That looks great now, good effort! Another 30fps faster, now 135fps!
There's one way to make this a fraction faster still, and that is to mix the ordinary CPU instructions in with the MMX ones. So instead of going
O=ordinary
M=mmx
O,O,M,M,M,M,M,M,O,O,O,O,
try to get it to go
O,M,O,M,O,M,O,M,O,M,O,M,
The reason for that is that each MMX instrution takes more than 1 clock tick, so if the next instruction is waiting for the result of the previous one, eg.
psubw mm0, mm1 'subtract image color from screen color
pmullw mm0, mm2 'multiply resulting color by alpha
here, the mul can't begin until the sub has taken place - it needs mm0 to be ready. Internally then to the cpu, there's a gap where nothing is happening between the two instructions which is being wasted. The solution to this is to move one of your other instructions into that gap and take advantage of the overlap.
So, you might move one of the adds for your pointers in there.
eg.
psubw mm0, mm1 'subtract image color from screen color
add eax, 4 'increment our source pointer
pmullw mm0, mm2 'multiply resulting color by alpha
effectively that gives you the add for free.

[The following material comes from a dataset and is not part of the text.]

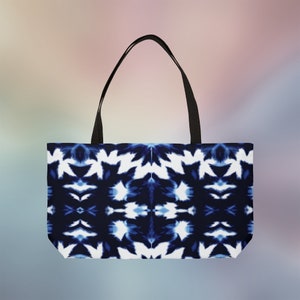 May include: A blue and white tote bag with a tie-dye pattern. The bag has black handles.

It'll be interesting to see whether that makes any difference.
Some other possibilities
ja incline 'if we are jump to add line bit
jmp idloop 'if none of the above are met jump back to beginning of draw loop
incline:
I'm sure you've done this for clarity, but you can replace that with
jbe idloop
incline:
You seem to have 3 counters, but only 2 sources, which means you've got an extra
add reg,4
in your loop. Can you move that outside the scanline loop so you're only adding/checking once per scanline instead of once per pixel?
Some very useful information here
http://www.agner.org/optimize/. Agner Fog is a total expert on how to wring the last cycle out of Intel chips!
If you look in the instruction_tables.pdf for P4 timings in there, you will see the latency entry for psub and pmullw. There's a gap of 1 after a psub, and 5 after a pmul.
Jim